Le poste-clé délaissé

Parent pauvre de l'enseignement hôtelier français, la réception n'a pas encore dit son dernier mot. Créé par l'Amicale internationale des sous-directeurs et des chefs de réception des grands hôtels parisiens (AICR), le concours du Meilleur jeune réceptionniste remet ce service sur le devant de la scène.

m Claire Cosson

Ses lunettes glissent doucement le long de son nez. Accoudé au comptoir de la réception d'un grand hôtel parisien, Vincent ne parvient plus à dominer sa colère. "Je n'ai jamais vu une chose pareille ! Je réserve à l'avance, vous m'adressez une lettre de confirmation et je ne figure pas sur votre planning...", hurle-t-il. Derrière le desk, la réceptionniste semble désemparée. Mal à l'aise, elle se raidit, et promène son regard bleu vers ses collègues alentour.
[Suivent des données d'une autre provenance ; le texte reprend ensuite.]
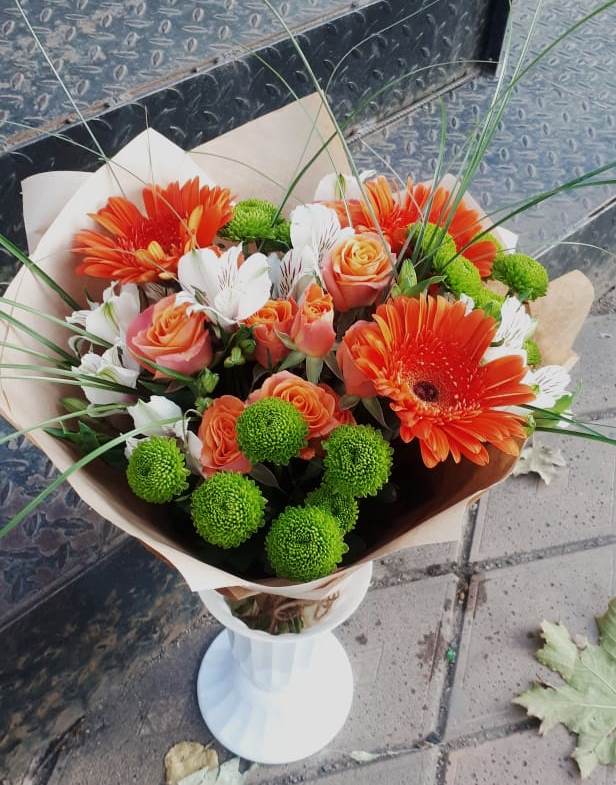 Букет цветов из: Герберы, Хризантемы, Альстромерии и Розы в Троицкий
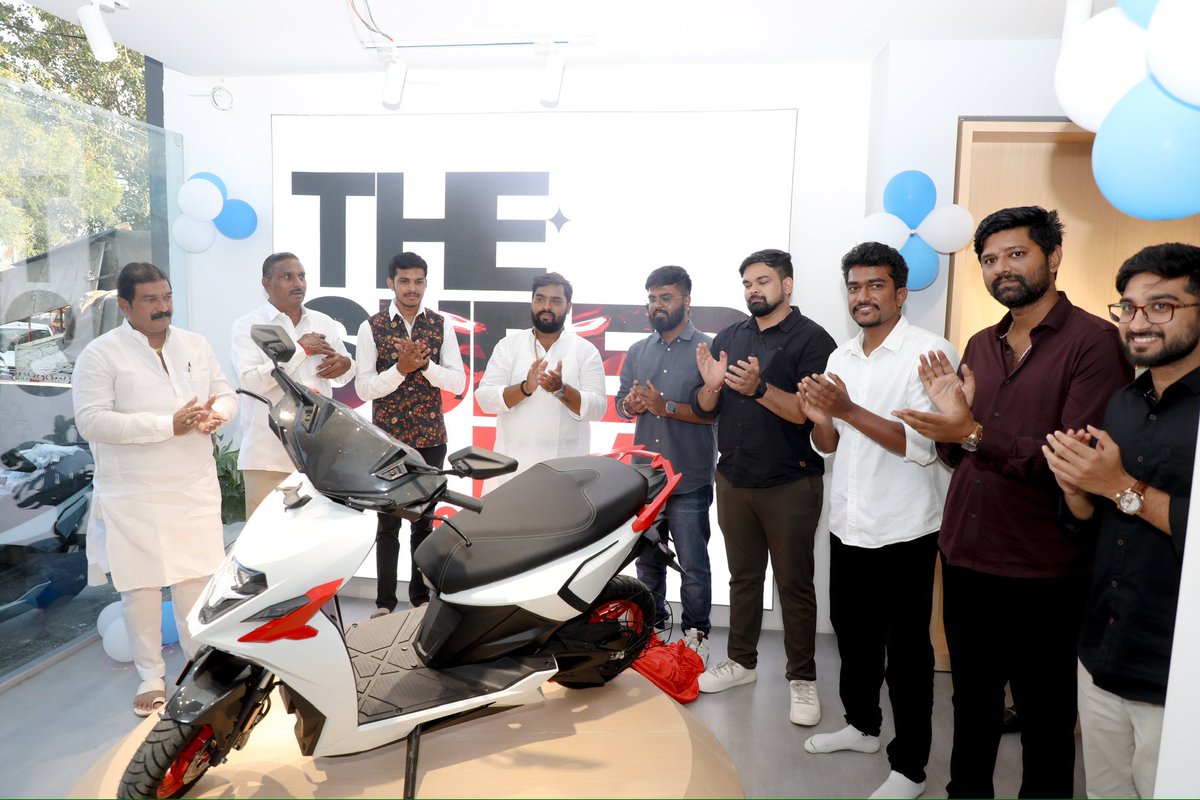 Pune, get your helmets on! 🛵 We’re FINALLY here! Check out India’s longest range scooter at the newly opened #SimpleStore near you in Kharadi!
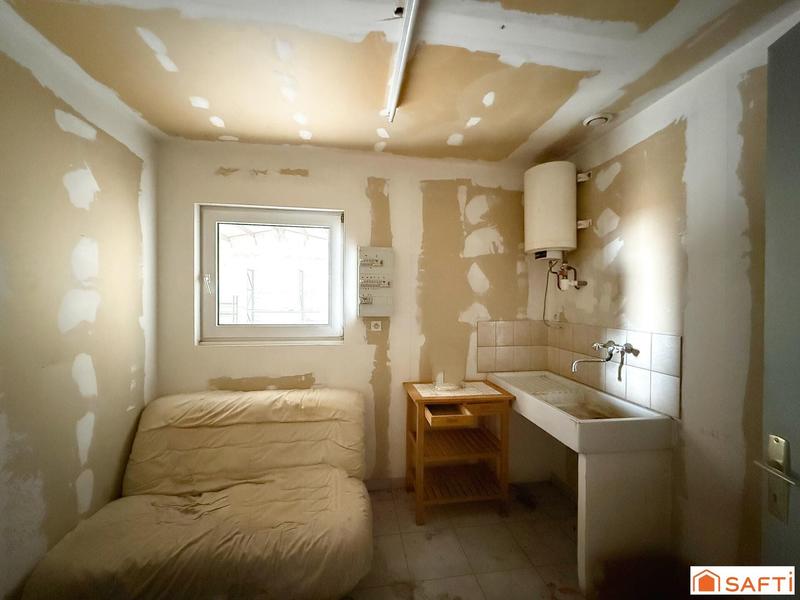 Local commercial - 496 m² - 7 pièces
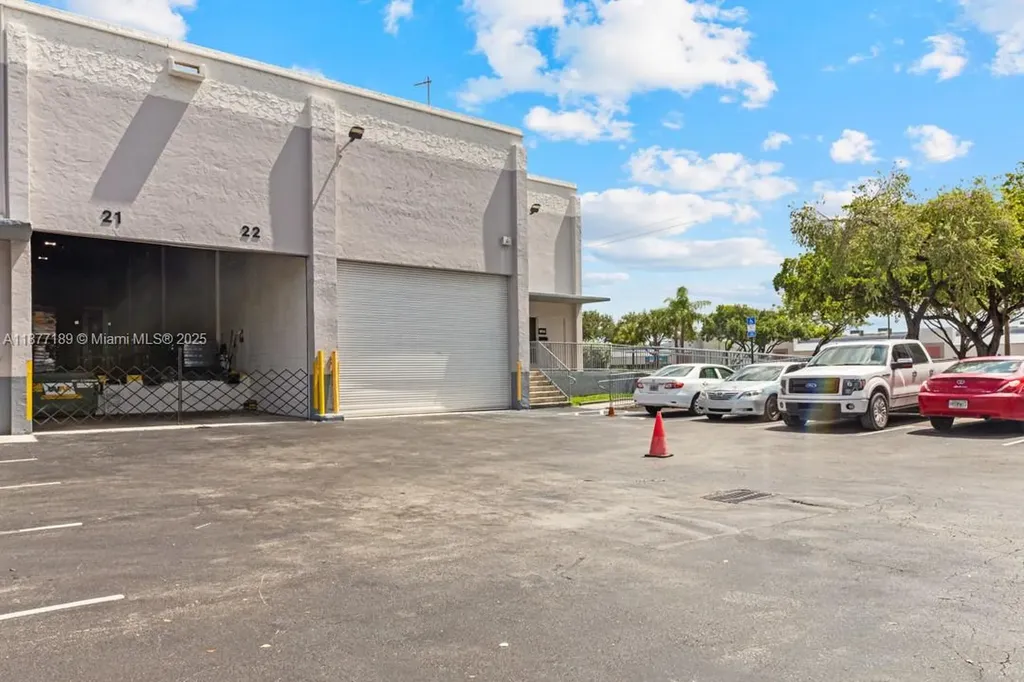 1700 NW 82nd Avenue Doral FL 33126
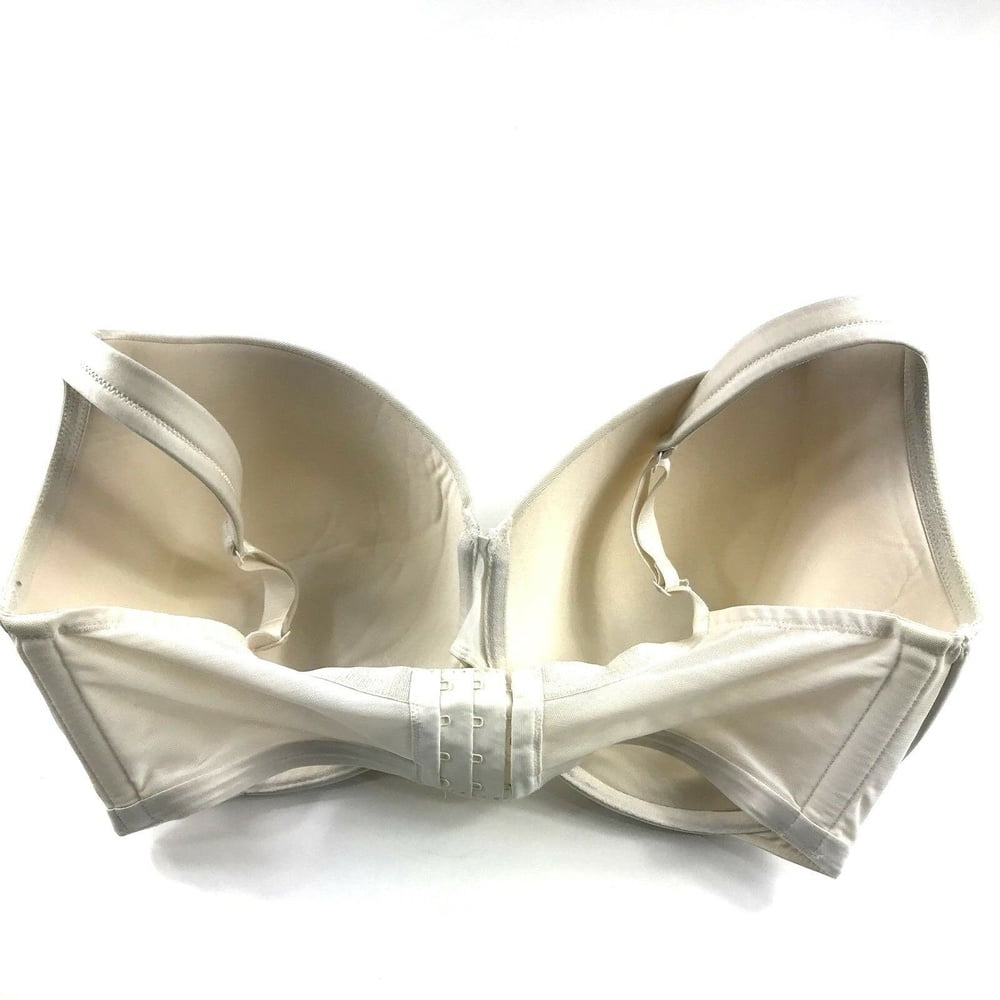 Colpi di reggiseno
 #102032515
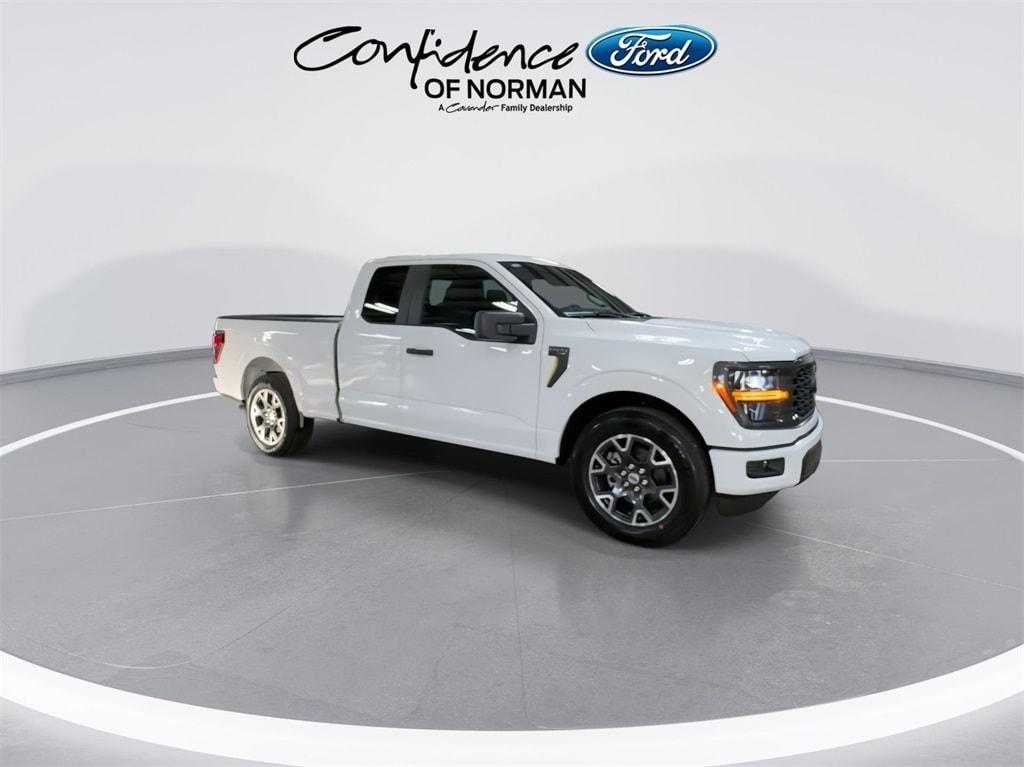 new 2025 Ford F-150 car, priced at $45,980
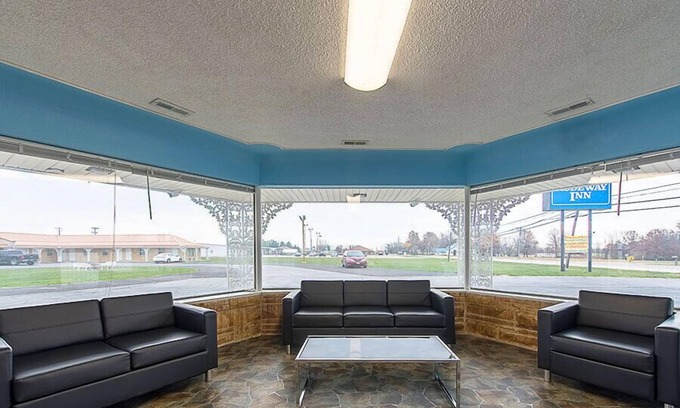 Paris Hotel | Highway Inn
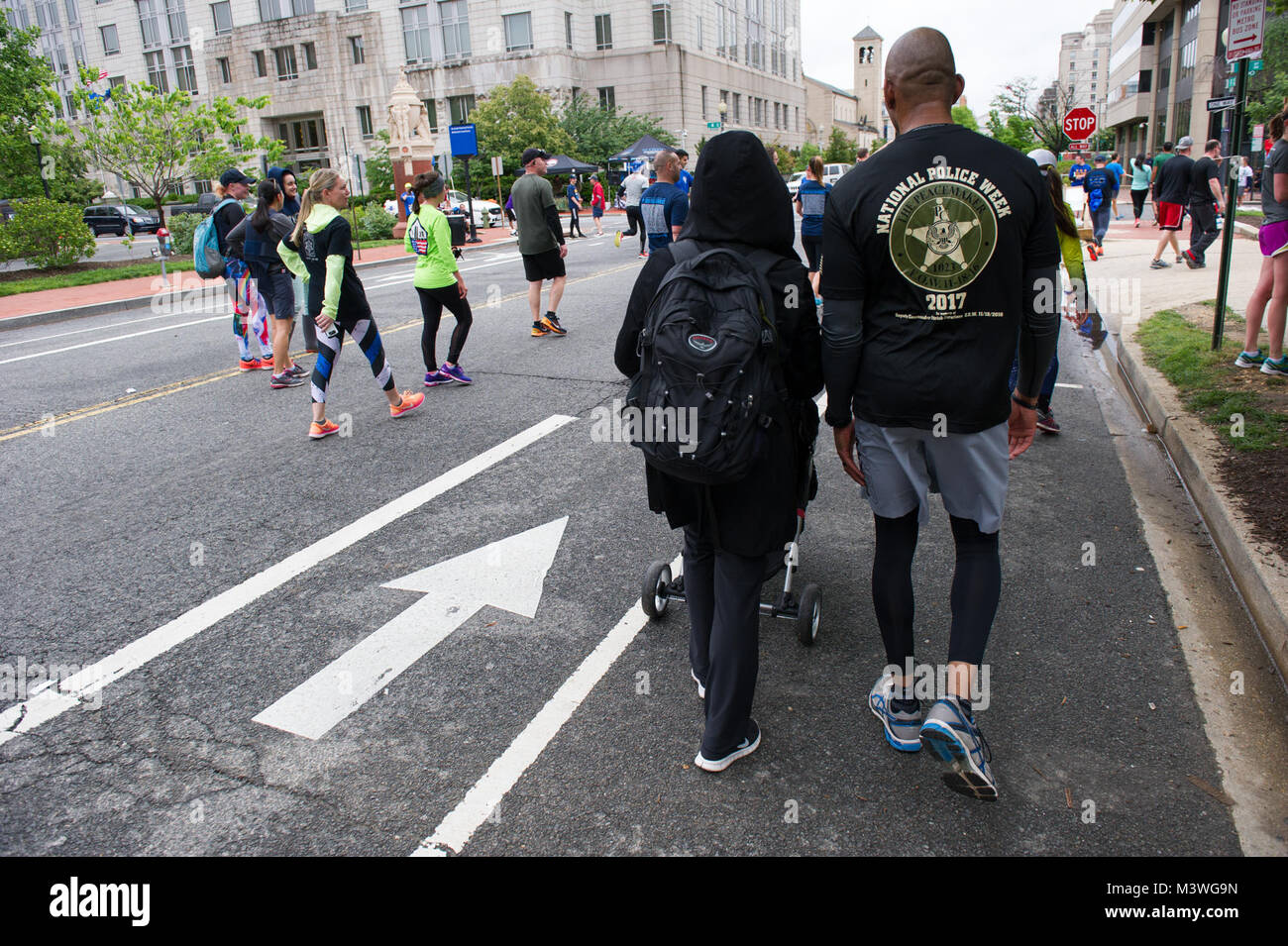 -Washington, DC, le 13 mai, 2017. Les membres de la U.S. Marshals Service couru la 11e édition de la Semaine nationale de la Police 5K de l'application de la loi en l'honneur des héros qui ont donné leur vie dans l'exercice de leurs fonctions. Cette année, l'USMS courut à l'honneur Patrick DUSM Carothers qui a été tué dans l'exercice de ses fonctions en novembre 2016 alors que l'appréhension d'un fugitif violent. Photos par : Shane T. McCoy / US Marshals la semaine de la Police 5K 2017-23 par U.S. Marshals Service Banque D'Images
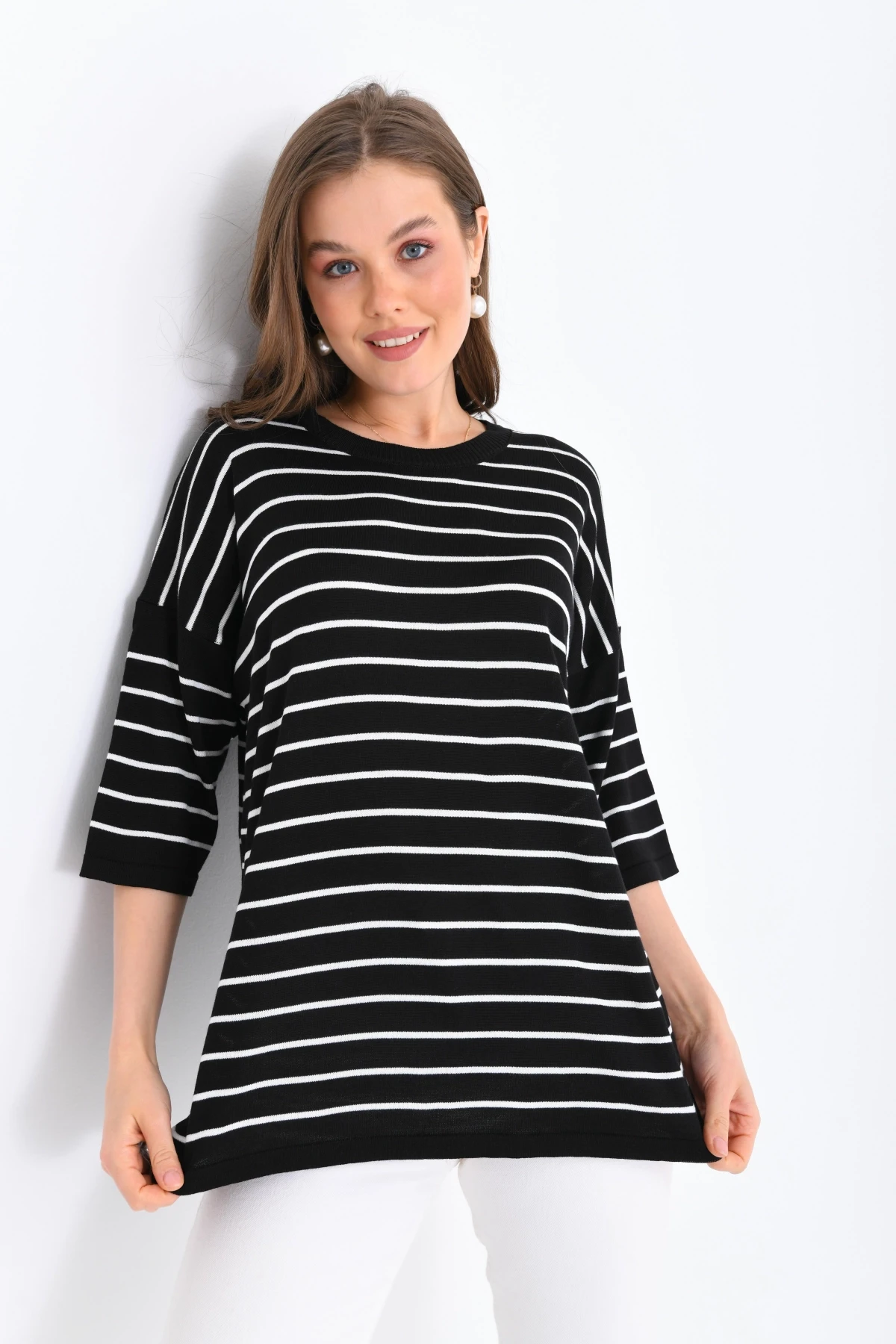 Kadın Bisiklet Yaka Kısa Kol Çizgili Oversize Triko Kazak 10218.Vsc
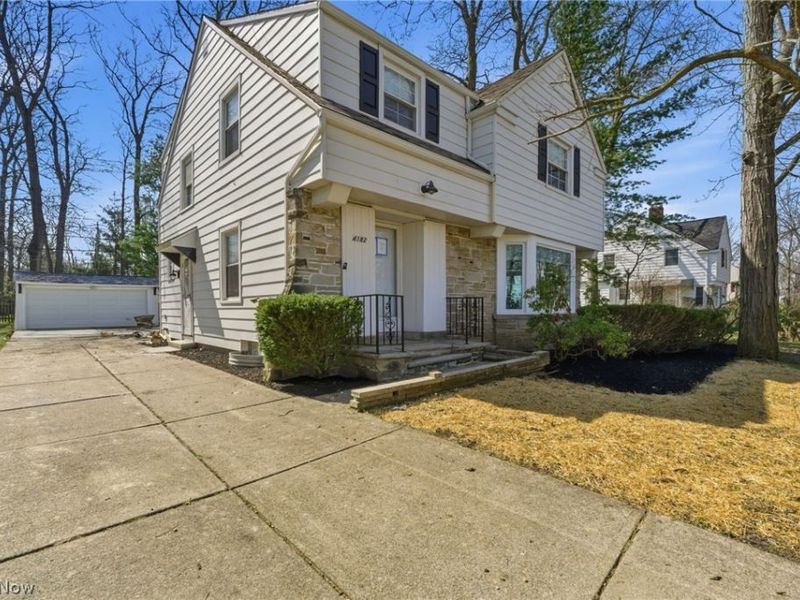 4182 Silsby Road, University Heights, OH 44118 Photo 2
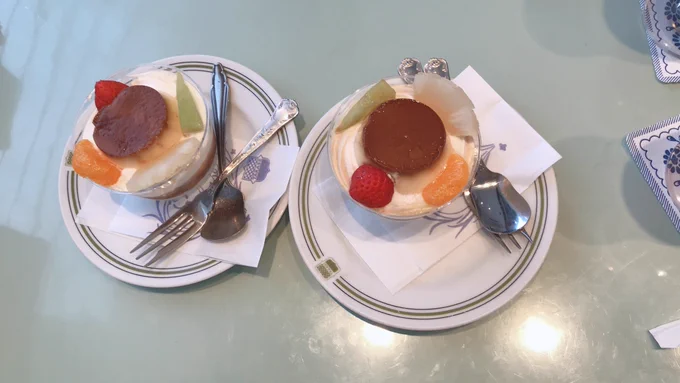 プリンをふたつも食べちゃいます!!!!!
A croire qu'elle leur lance un appel au secours.
Un client qui se plaint, c'est pourtant le lot quotidien des réceptions d'hôtels. "Véritable centre nerveux, ce service entretient en effet une relation quasi permanente avec la clientèle. On y reçoit souvent des félicitations, mais parfois aussi des réclamations", avoue Didier Le Calvez, directeur général du Four Seasons George V. Ce qui signifie que les acquis techniques ne suffiront jamais à faire un bon réceptionniste. "Savoir prendre les réservations conformément aux consignes de vente et à la disponibilité du planning des chambres, ou bien connaître l'ensemble des acteurs du tourisme (voyagistes, agences, entreprises...), sont évidemment des éléments indispensables", explique Maïté Audoux, professeur à l'Institut universitaire de formation des maîtres (IUFM). Et d'ajouter : "Tout comme la maîtrise des nouvelles technologies, des logiciels hôteliers et de bureautique... Mais de là à se cacher derrière son écran d'ordinateur, il y a un pas à ne pas franchir. Car le métier de réceptionniste nécessite également de véritables qualités psychologiques."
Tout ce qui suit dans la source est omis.